Corren los 2000. La entrada a la Universidad de las Artes es un camino sin vuelta atrás. Imaginé la escena mil veces, pero no alcancé a calcular Elsinor, (1) la ciudadela de ladrillos, una de las escuelas de arte erigidas por la Revolución en un poético ejercicio de poder: sobre la clase vencida, sobre una manera de entender el mundo, la historia. Eso lo sabré después. Ahora la intuición me guía entre los recovecos, descubro que resulta imposible no creer en utopías dentro de estas paredes. Es un rito personal, de iniciación en la Facultad de Arte Teatral.
“La arquitectura tiene que ser emoción” (2), dijo Roberto Gottardi (3), el arquitecto. Y Elsinor consume, aprieta el pecho. Urge crecer y ser parte. Ladrillo tras ladrillo, palimpsestos de sentidos, en tantas direcciones: porque la idea proyectada sobre una metáfora…, porque estos espacios que contienen el universo…, porque laberintos de inspiración medieval que se tornan explosión de verde, de luz, desde los ventanales de las aulas…

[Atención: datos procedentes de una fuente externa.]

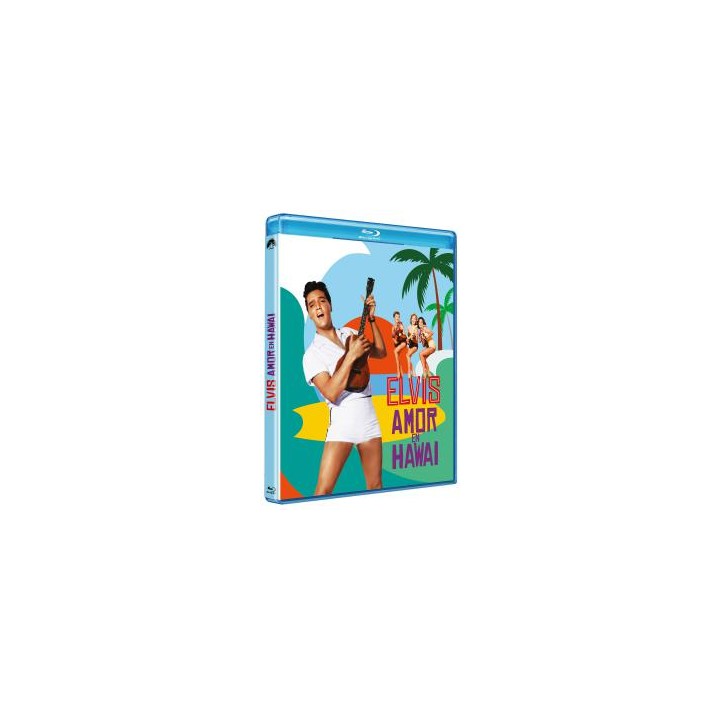 Amor en Hawai - BD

Un paréntesis: durante las clases en estas aulas-luz el cuerpo duele. No importa que la profesora siente las bases para dinamitar los límites, hay que hacer contorsiones para llegar a la libreta. El cuerpo duele. Las razones de la incomodidad toman las paredes, como aquella mancha de humedad. Y una empieza a esbozar un: ¿a quién se le ocurre?… La ignorancia es osada.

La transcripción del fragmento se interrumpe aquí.